The Pabst Mansion

Mrs. Pabst’s parlor suite
Curator at Pabst Mansion

The Pabst Mansion
In the ladies' parlor at the Pabst mansion resides an elegant armchair. Crafted in the Rococo Revival style, the armchair’s gilded wood shimmers in the light, the embroidered blossoms and leaflets cluster in vibrant colors, its curvature boasts of femininity, and its silk upholstery once invited the most esteemed guests of the Pabst family to rest upon it. Today, you can admire the armchair and all of its suitemates at the Pabst mansion, open to the public to experience the grand lifestyle the Pabst family once led.

The Pabst Family
The Pabst Mansion was home to one of Milwaukee’s elite families during the 19th century. Captain Frederick Pabst (1846-1904) emigrated to Milwaukee from Germany. He went from being a busboy earning five cents an hour to a steamship captain traveling all over Lake Michigan. Pabst met Maria Best (1842-1904) on one of his ships in 1860. Maria and Fredericks wed two years later and had eleven children, five of which survived. A few years later, Pabst owned the largest brewery in the country. The Pabst family used their wealth philanthropically, donating to local charities and building public spaces in Milwaukee. When Frederick died in 1904, newspapers around the world mourned his passing.

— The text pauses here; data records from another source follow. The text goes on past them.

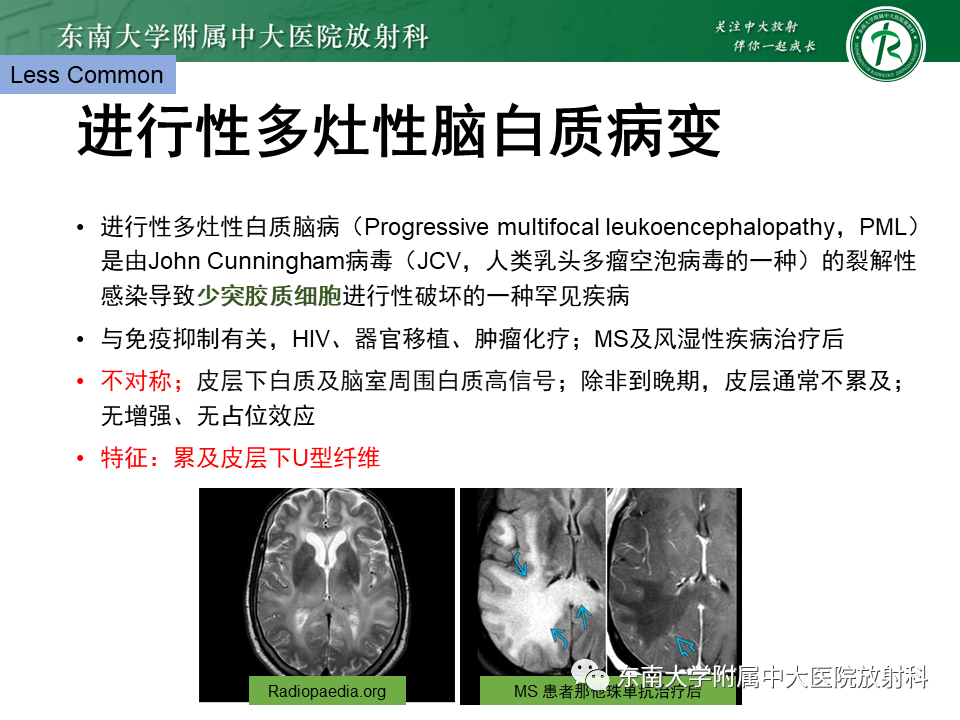 影像PPT - 【PPT】成人脑白质受累为主的弥漫/融合分布病变的诊断思路-40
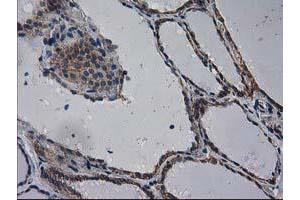 Immunohistochemical staining of paraffin-embedded Human thyroid tissue using anti-EIF4E2 mouse monoclonal antibody. (EIF4E2 anticorps)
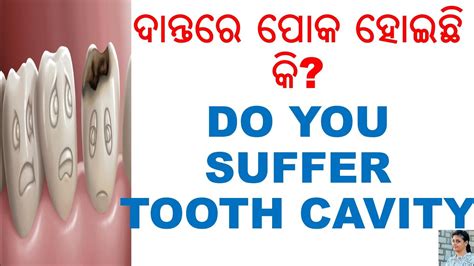 ଦାନ୍ତ ପୋକ ଖାଇଛି କି Odia Odia Home Remedies How To Get Rid Of Tooth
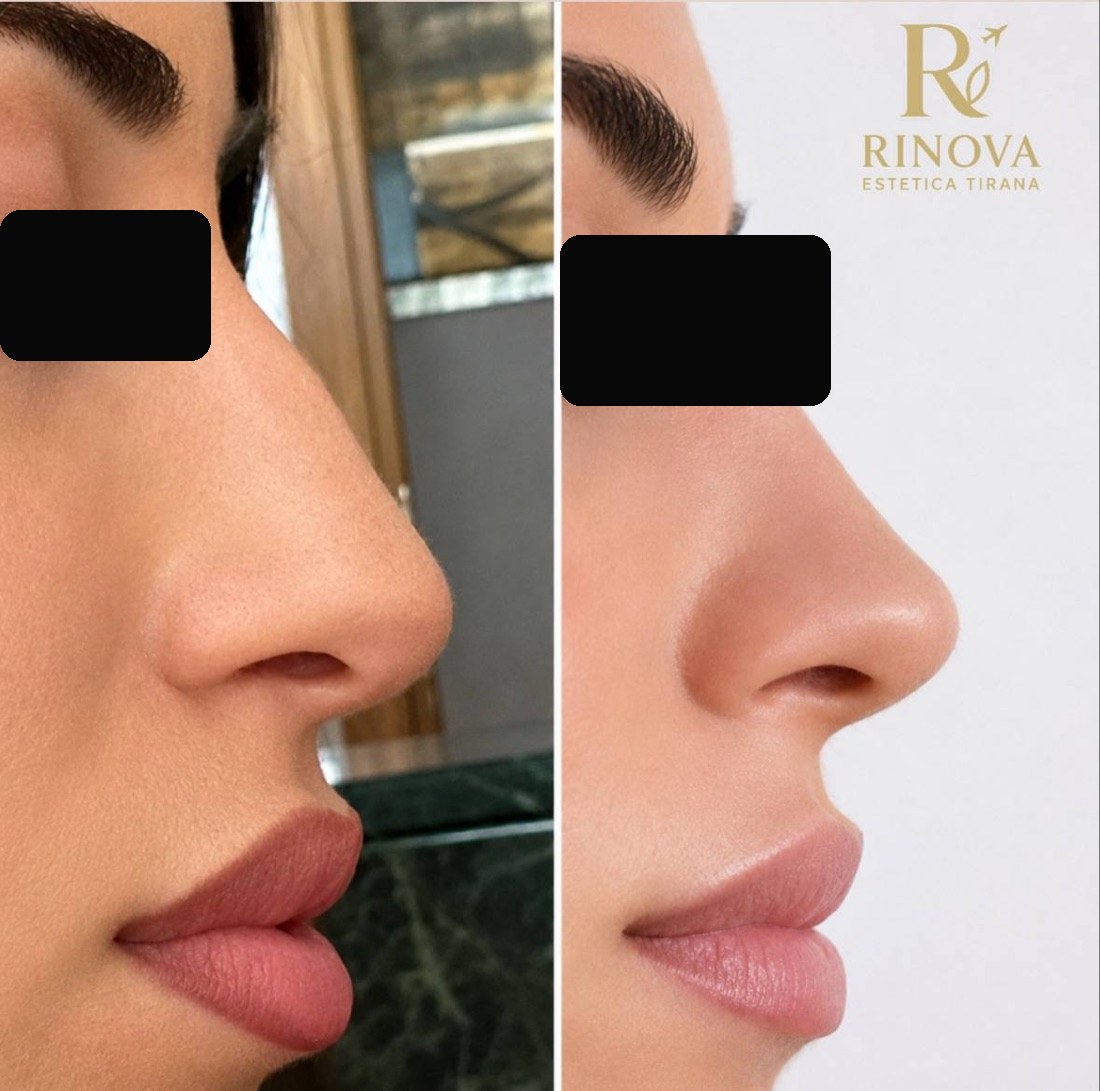 Rinoplastia — caso real antes y después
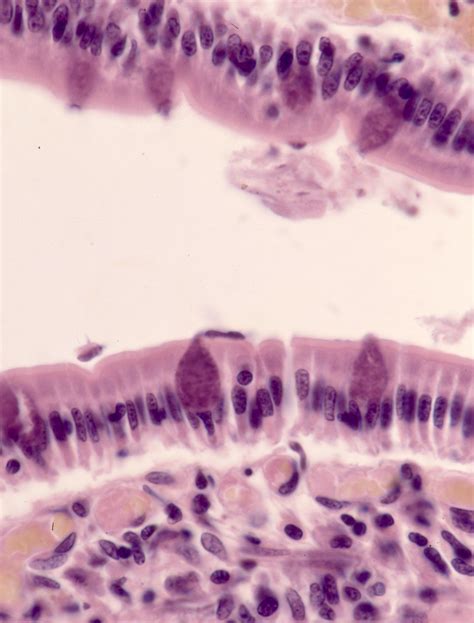 Células caliciformes H E mancia org Atlas Histologia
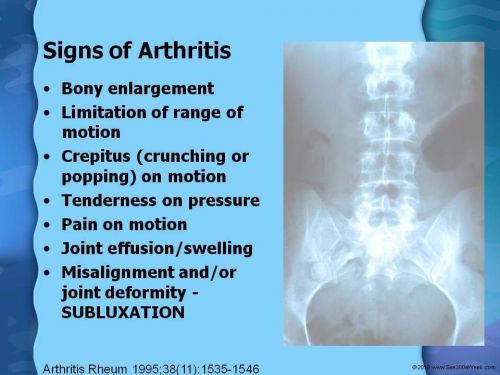 THE CHIROPRACTIC ARTHRITIS POWERPOINT LECTURE! - SEE300AWEEK - 104 SLIDES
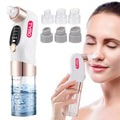 TYMO Bubble Facial Blackhead Removal Vacuum Face Cleaner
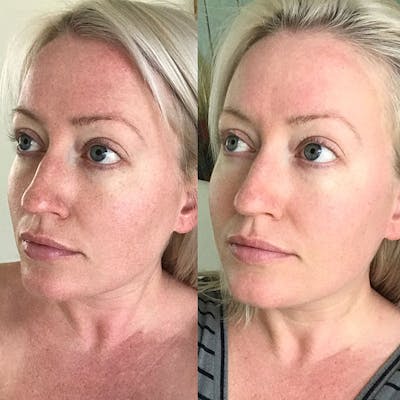 Diamond Glow Before & After Gallery - Patient 105132 - Image 1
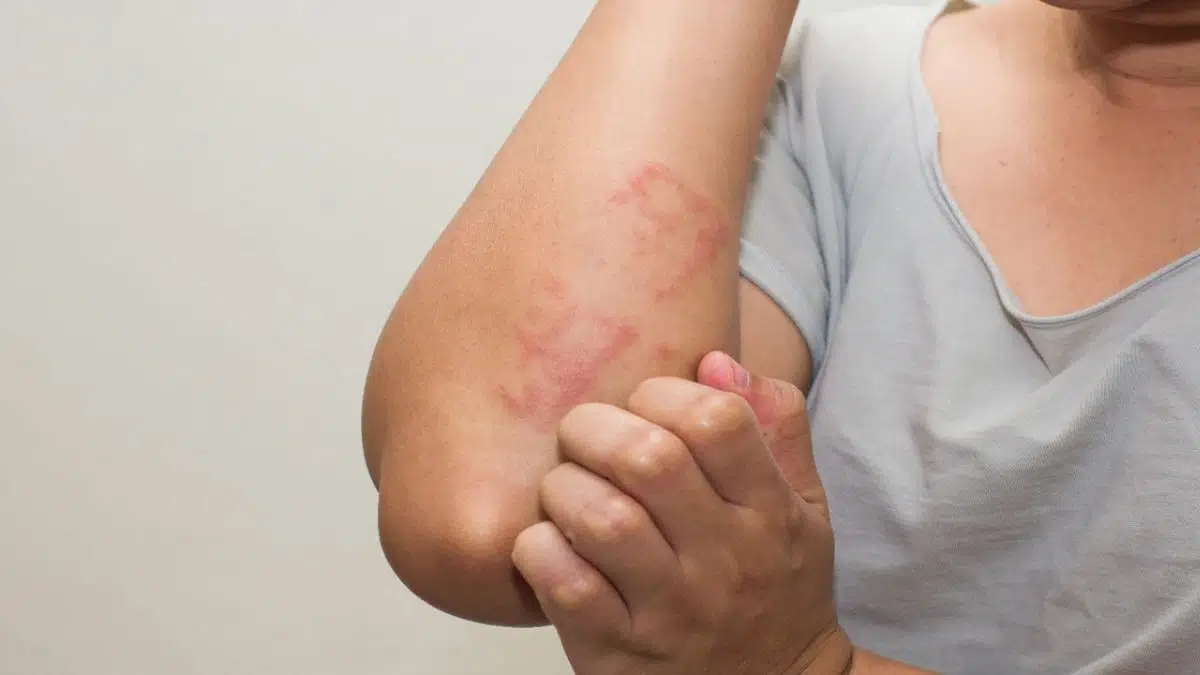 कई तरह की होती है एलर्जी, कैसे करें बचाव: Allergy Types and Prevention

Pabst Brewery Original Coaster Source

Pabst Brewery
Originally Pabst Brewery was Best Brewery, Maria’s father’s business. Frederick joined the business in 1863. In 1863, eventually obtaining ownership, he expanded the market and by 1874 Pabst had become the largest brewery in the country. In 1889 it was renamed Pabst Brewing Company. After winning the blue ribbon at Chicago’s 1893 Columbian Exposition Pabst started to tie blue ribbons around the neck of the bottles to make it stand out from other beers. People began to ask for the “blue ribbon” beer even before its official name was changed in 1889. After Pabst’s death he left the brewery to his sons. Pabst Brewery expanded into the 20th century until it was bought in 1995 for $63 million ($168,334,126 today).

Grand Avenue Source

The Mansion
The Pabst Mansion located in Milwaukee on Wisconsin avenue is a historic museum and architectural landmark. Designed in the Flemish Renaissance Revival style, the mansion’s construction lasted from 1890-1892, totaling $254,000 (over $7 million dollars today). The parlor suite’s furniture was crafted in the Rococo Revival style by Milwaukee’s Matthews Brothers, owners of the most successful furniture manufacturing company in the 1880s. The mansion was built on what was once Grand Avenue, the suburban gold coast of Milwaukee. The Pabsts possessed one of the finest private art collections in the Midwest in the 1890s. The mansion was purchased by the Roman Catholic Archdiocese in 1908 and used by them for 67 years. In 1978, the non-profit organization Pabst Mansion, Inc. opened the house to the public.

Illustration of ladies chatting in Mrs. Pabst’s parlor suite.
Source: Curator at Pabst Mansion.

Dining room in Pabst mansion.

Virtual Tour

1844 Best Brewery is founded
1848 Frederick Pabst immigrates to Wisconsin
1862 Frederick Pabst and Maria Best are married
1863 Captain Pabst joins Best Brewery
1874 Best Brewery renamed Pabst Brewery
1876 The wealthy build their estate on Grand Avenue
1878 Pabst beer wins gold at Paris World Fair
1889 “Blue Ribbon” beer becomes the official name
1890-1892 Pabst Mansion is built
1897 Pabst Family possess one of the finest private art collection in the Midwest
1908 Roman Catholic Archdiocese purchases the mansion
1975 Mansion placed on the National Registry of Historic Places
1978 Pabst Mansion is open to the public
1985 Pabst Brewery is sold

Why I choose this object?

Hi my name is Eve Thorsen, a sophomore at UW Madison. I chose this armchair because of its beauty, its elegant floral motifs, its shimmering gilded wood, and its soft silk upholstery. The mansion and the family it belonged to are emblematic of the Gilded Age, a fascinating time of economic growth and gross materialism. Furthermore, the history of one of Wisconsin’s favorite beers, PBR, spiked my interest.